### DATA SECTION ###

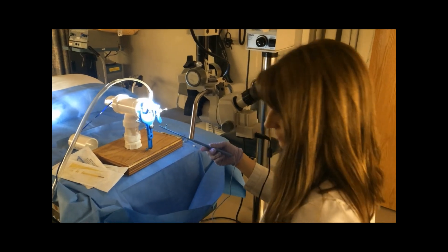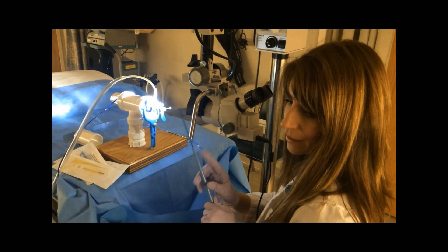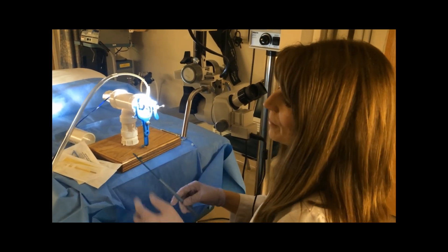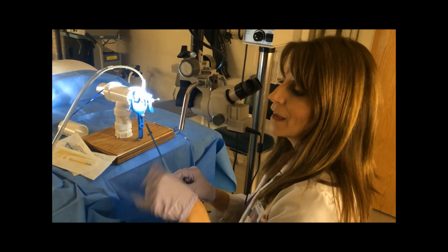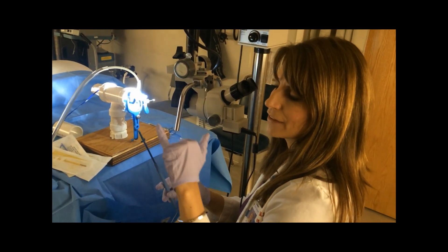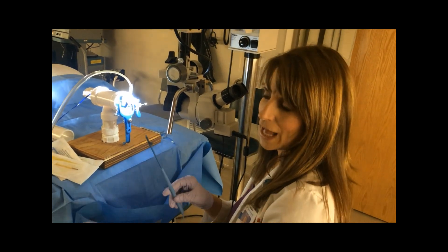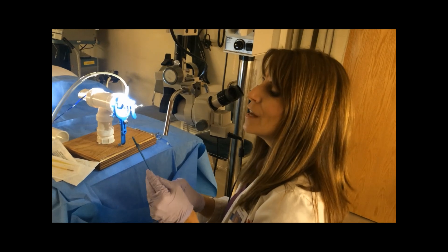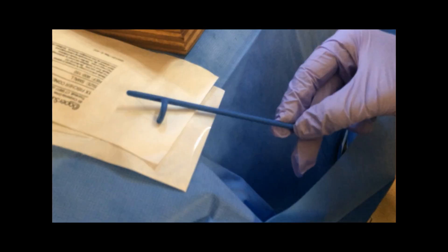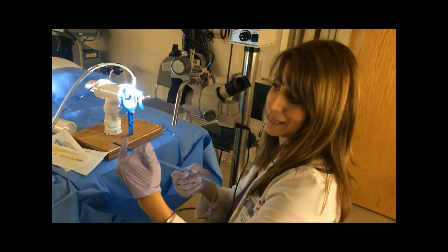I tell my nurse to turn the LEEP machine to live so that we can do cuts. Remember that this is not a cheese slicer — this is actually a wire that the electricity courses through, and it heats up the water in the cervix, and that's what actually makes the cut. You'll notice that this has a bar on it and you want to bury this in the woman's cervix all the way to that bar.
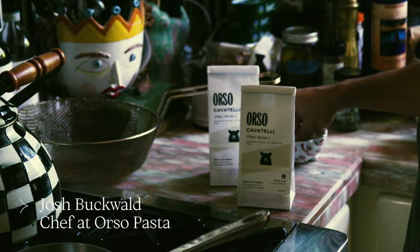I'm Josh, the chef and founder of Orso Pasta here in Los Angeles, and I'm back with our flamingo friends to teach you some more cool pasta stuff.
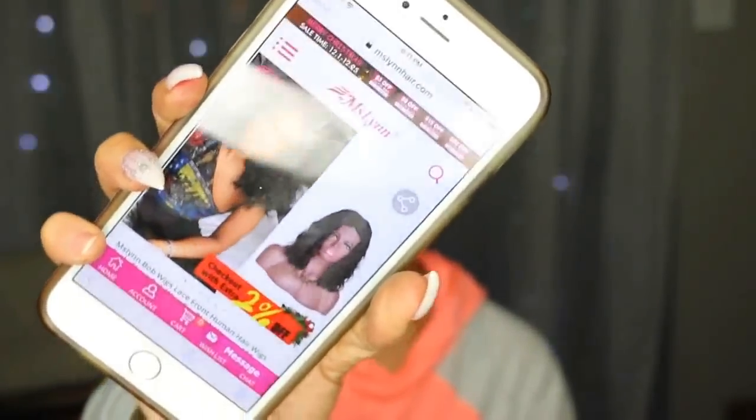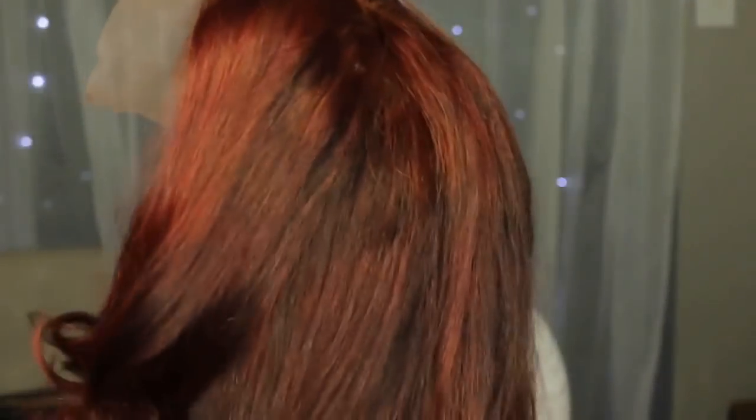Hey everybody, this video is going to be a wig review for Miss Lynn Hair. This is the unit right here — it is a curly unit. I bleached the wig and then colored it with a red color because I wanted a red wig.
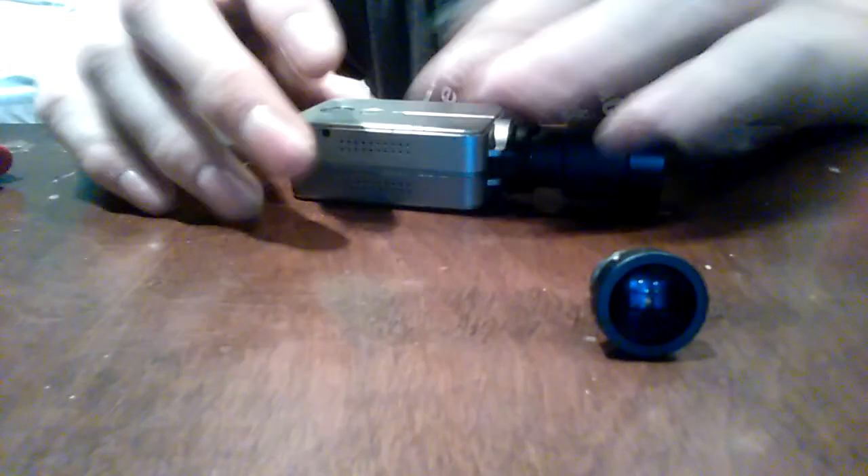Turn it around in a circle really carefully — try not to melt the lens. Then you take your new lens and mount it into the threads, and then mount the whole thing back in and screw it all back in.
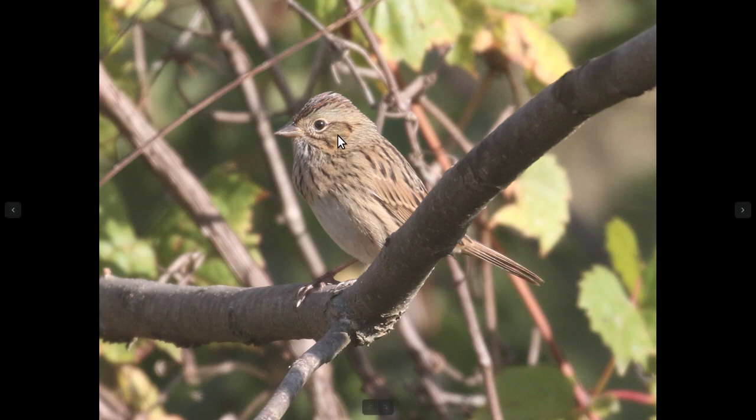So overall, this bird is just incredibly refined looking, and that's fairly typical of Lincoln's sparrows. In general, if you're doubting the ID of Lincoln's sparrow, it probably isn't a Lincoln's sparrow — they're usually pretty obvious when you see it.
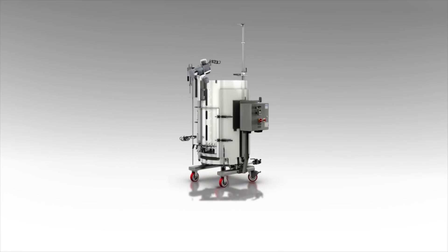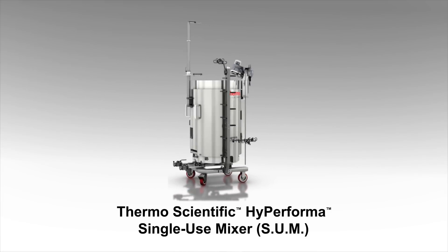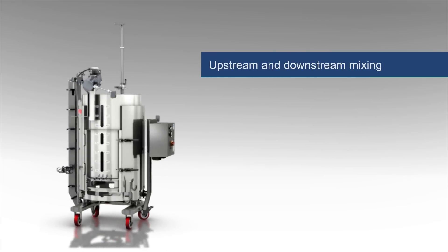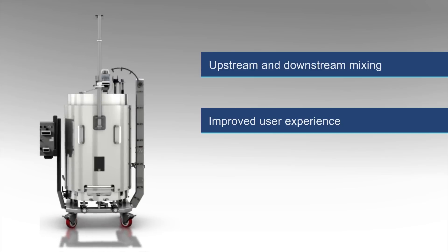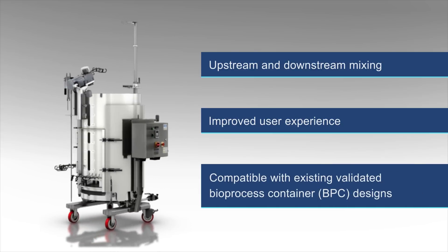Introducing the next-generation Thermo Scientific high-performance single-use mixer, or SUM. Built on a proven mixer platform designed for upstream and downstream mixing applications, the updated SUM offers an improved user experience while allowing for compatibility with existing validated bioprocess container, or BPC, designs.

###

## [WHAT TO PRODUCE]
Transcribe, please, the lines from the one holding "I'm Josh, the" to the final line of the material, both included, exactly and with no extra lines, and skip the pictures.

## [ANSWER SECTION]
I'm Josh, the chef and founder of Orso Pasta here in Los Angeles, and I'm back with our flamingo friends to teach you some more cool pasta stuff.
Hey everybody, this video is going to be a wig review for Miss Lynn Hair. This is the unit right here — it is a curly unit. I bleached the wig and then colored it with a red color because I wanted a red wig.
Turn it around in a circle really carefully — try not to melt the lens. Then you take your new lens and mount it into the threads, and then mount the whole thing back in and screw it all back in.
So overall, this bird is just incredibly refined looking, and that's fairly typical of Lincoln's sparrows. In general, if you're doubting the ID of Lincoln's sparrow, it probably isn't a Lincoln's sparrow — they're usually pretty obvious when you see it.
Introducing the next-generation Thermo Scientific high-performance single-use mixer, or SUM. Built on a proven mixer platform designed for upstream and downstream mixing applications, the updated SUM offers an improved user experience while allowing for compatibility with existing validated bioprocess container, or BPC, designs.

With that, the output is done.